Lo Stato fa male quello che dovrebbe fare: come ricorda Confedilizia, ci sono almeno centomila case popolari non disponibili perché non assegnate, non riqualificate, bloccate da ritardi burocratici. Molte altre (manca persino un censimento decente) sono in mano ad occupanti abusivi e morosi cronici. Prima di pensare ad un altro piano di edilizia residenziale pubblica, sarebbe il caso di imparare a gestire come si deve quella che già c’è. Anche per evitare che gli appartamenti di nuova costruzione facciano la fine di quelli vecchi.
EFFETTO “CASE GREEN”
La mano pubblica frena pure gli affitti non abitativi, regolati da una legge iper-vincolista che risale- guarda caso - al 1978 e che, combinata con l’assenza della cedolare, contribuisce alla desertificazione commerciale. Lo Stato altera il mercato immobiliare anche tramite il fisco. Ogni anno 22 miliardi di euro arrivano in cassa solo dall’Imu, che assieme alla Tari (circa 10 miliardi) e alle altre imposte legate al catasto garantisce un prelievo complessivo di 50 miliardi. Costi ulteriori per proprietari e locatari, e che, quando ricadono sui primi, si trasferiscono sul canone d’affitto.
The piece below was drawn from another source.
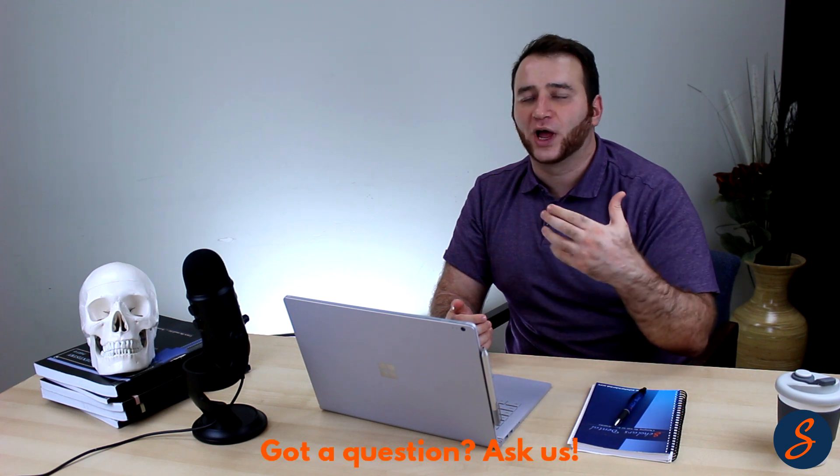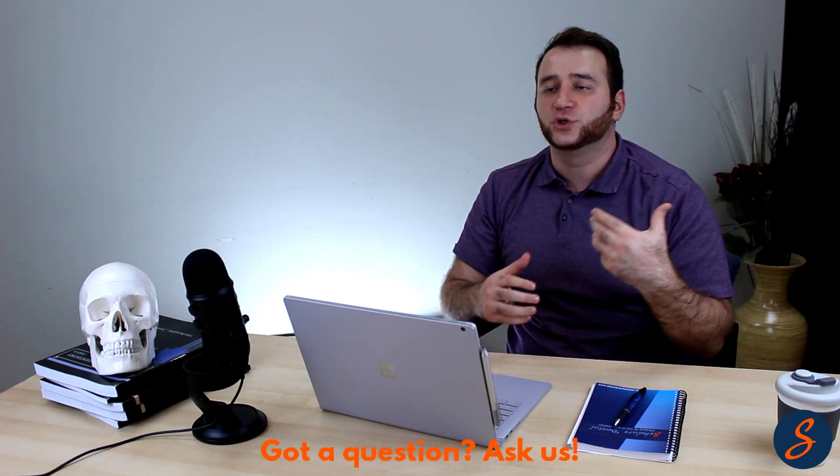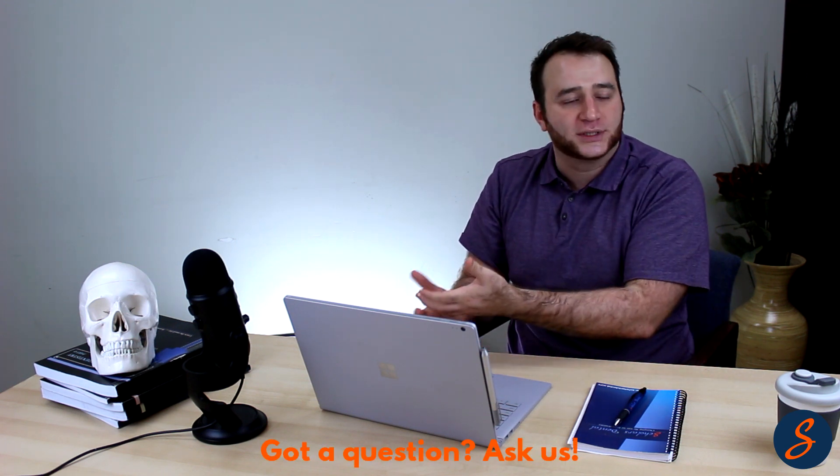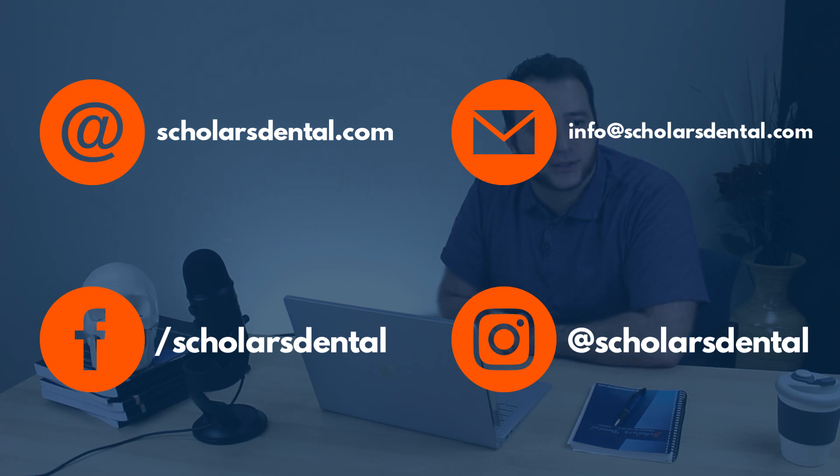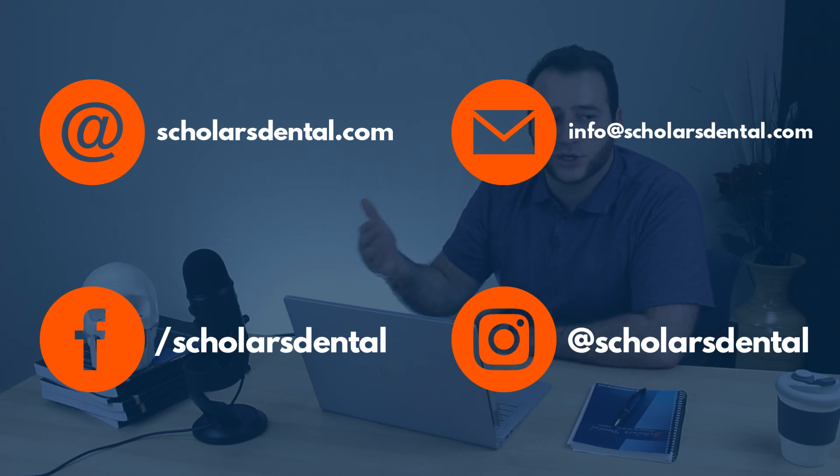And basically whatever you spend on courses and even the process, you'll make up as a dentist in a year or less.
L’alta tassazione è un danno per la collettività anche perché incentiva la trasformazione degli immobili in ruderi, triste espediente usato per non pagare l’Imu: dal 2011, anno in cui l’imposta è stata introdotta, gli edifici in questa condizione sono più che raddoppiati, e oggi superano i 620mila.
Patrimonio che va in malora.
Se «i lavoratori con un livello medio di reddito», come denuncia Prodi, «non sono più in grado di vivere nelle aree metropolitane», se certe città sono riservate ai ricchi, una grande responsabilità l’hanno anche le politiche di stampo “californiano” dei loro sindaci e i costi imposti in nome della decarbonizazione.
Secondo le stime della società di consulenza Deloitte, la direttiva Ue sulle “case Green” costerà ai proprietari italiani di appartamenti, otto su dieci dei quali sono considerati obsoleti, tra gli 800 e i 1.000 miliardi di euro. Le sinistre che difendono il provvedimento rispondono che questi «investimenti» faranno aumentare il «valore» dell’immobile. È l’altro modo per dire che le case costeranno ancora di più, a chi le comprerà e a chi le prenderà in affitto. Volesse risolvere i problemi del settore e abbassare i costi degli alloggi, Prodi dovrebbe iniziare a strappare pagine dal programma dell’Unione europea e proseguire con quelli del Pd e dei suoi alleati.